Since I wanted to get into a good college, and since I wanted to get a scholarship instead of paying an exorbitant amount of money for school, in my senior year I decided to take AP English, two math classes, AP Chemistry, college-level Spanish, college-level psychology and sociology, and college-level economics, for which I got credit from the University at Albany. I was able to skip Spanish 4 and rejoin my senior class thanks to Ms. Franklin, my Spanish teacher, who spent time after school preparing me for the Spanish 4 final exam.
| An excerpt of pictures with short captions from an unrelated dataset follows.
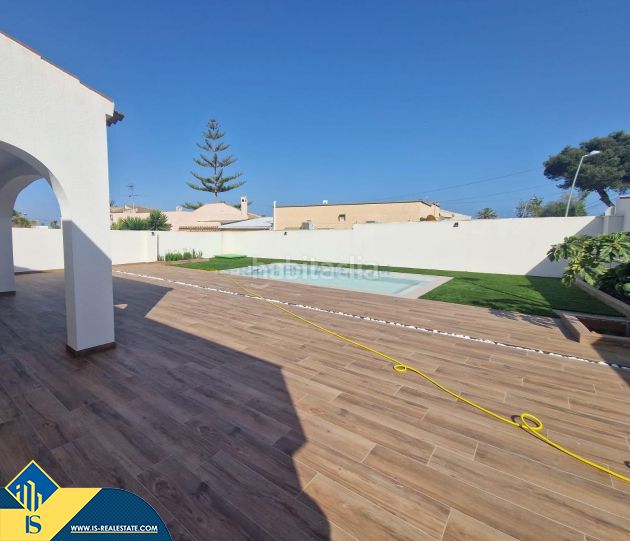 Foto 2759e66b-a5c5-4998-88a9-74f8e2df3716. Casa aparellada amb aparcament piscina a Los Balcones y los Altos Orihuela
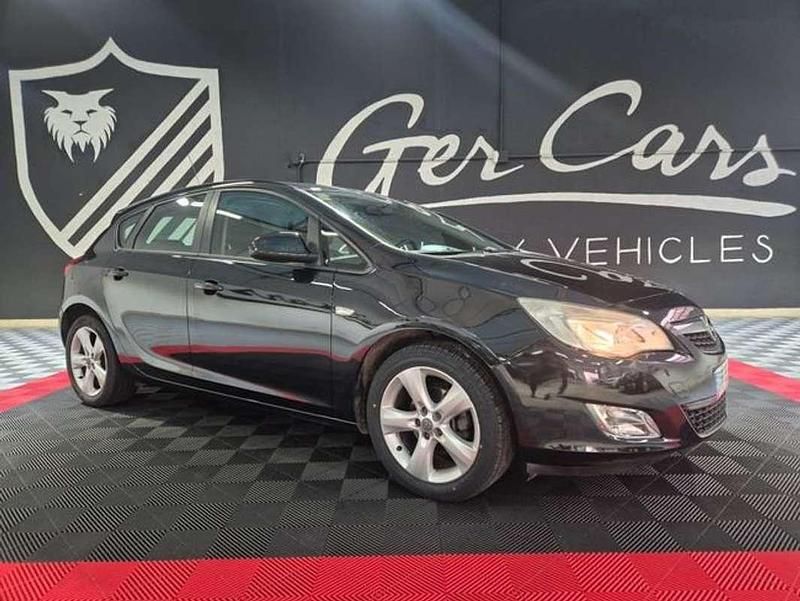 Usado Opel Astra Selective 116 CV (85 kW) 2012 Negro Utilitario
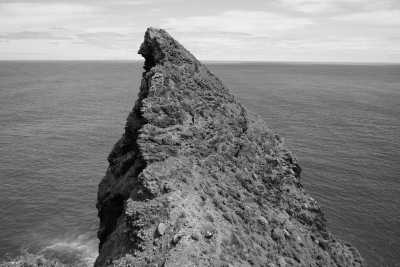 Portugal - Boaventura - Modern, Spacious & Beautiful Coliving Villa in prime location - Funchal, Madeira | Adventure, Nature and Fun on the Dream Island of Madeira 🌴 (Large Private Double Room with Queen Size Beds) - 2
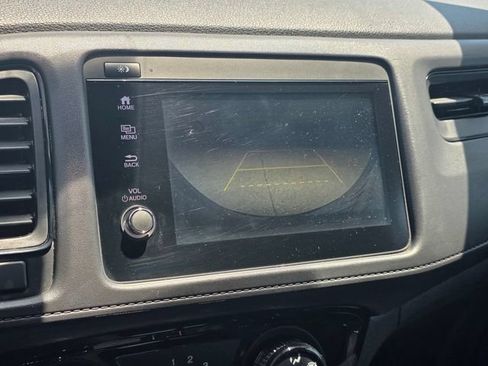 Used 2019 Honda HR-V Sport image 19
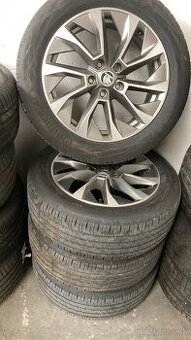 SKODA KAROQ 215/55 R17 94W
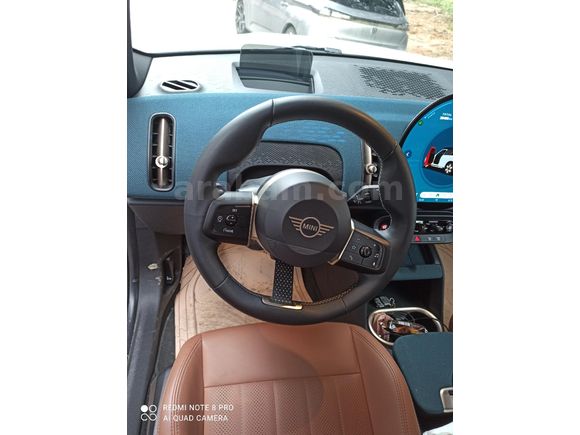 Sahibinden Mini Countryman E Favoured 2025 Model  28.000 km Beyaz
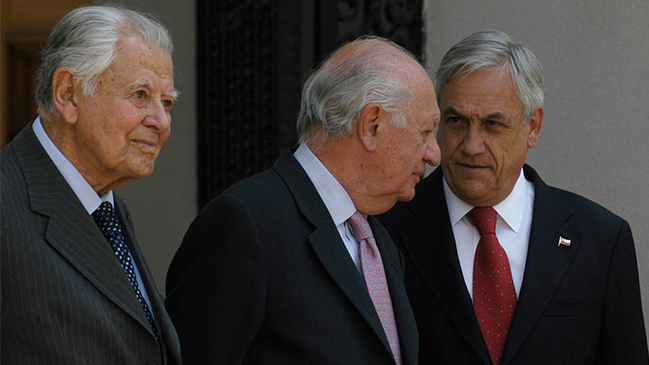 Ex Presidentes asistirán a presentación de comisión para separar política de los negocios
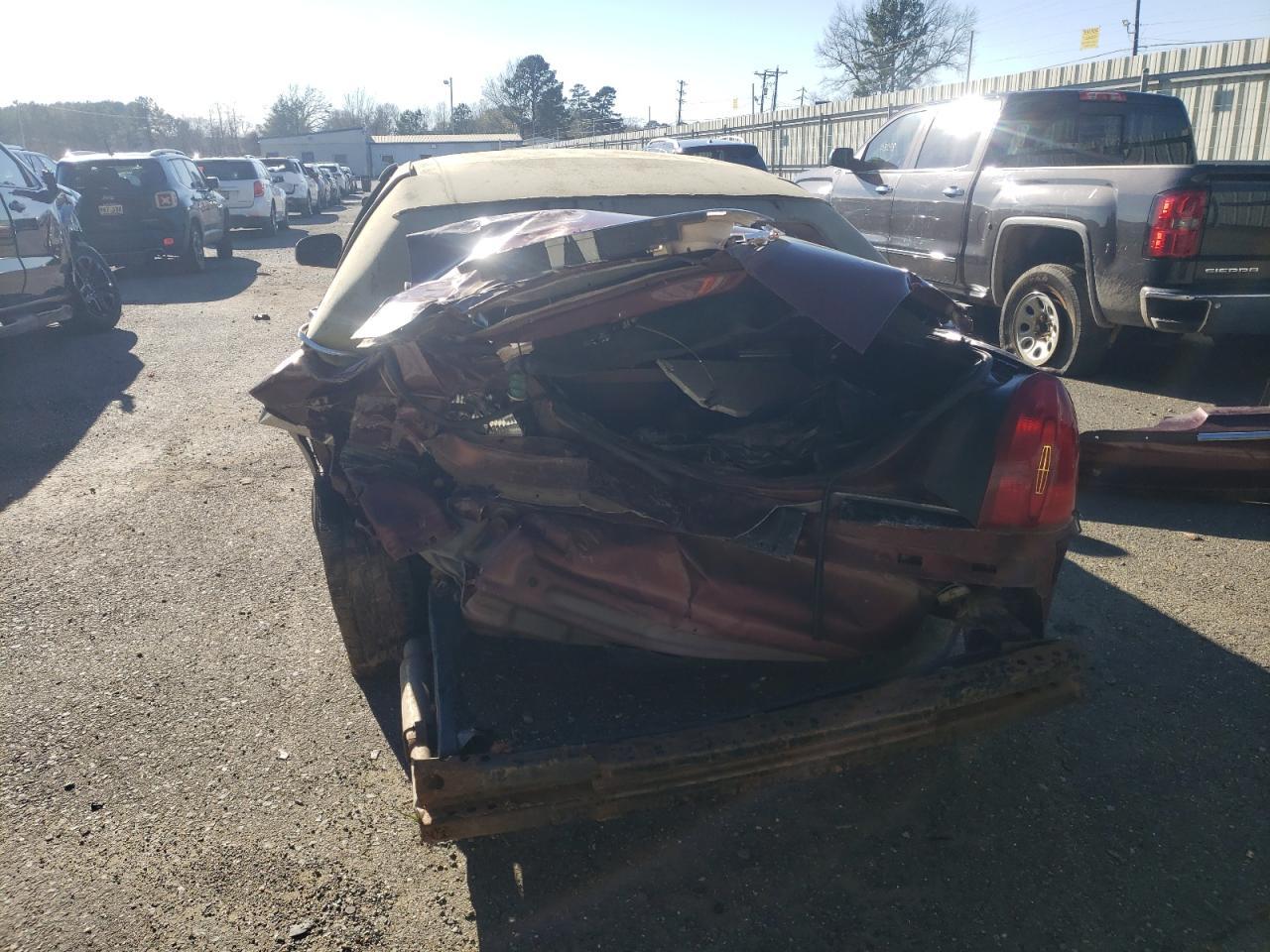 2001 LINCOLN Town Car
At the end of eleventh grade, I took both the Spanish 3 and 4 finals, which helped me skip a whole year’s worth of Spanish.

The first day of senior year I was one of the lucky students who drove to school. Just a month before school began, I bought a used 1994 Chevy Cavalier, for which I saved from my part-time job at McDonald’s. Since my mother didn’t drive me to school, I would often arrive late. This never happened before I started driving to school. My attitude toward my senior year was, “Let’s get this over with.” I was so ready to move on from high school.

On the first day of senior year, I decided to sit at a table where Eric and Dan were eating lunch. Although, I didn’t want to and I know I was not invited, there was nowhere else to sit. I sat at the end of the table, and they were taken aback but didn’t say anything. Eric had all this anger toward me, although I could never figure out why. He was always tormenting me and always trying to give off this masculine persona. Eric loved stirring up drama, like his life was a reality television show. What made it worse was that his group of friends, especially Dan, would agree with or do anything that Eric told them to do.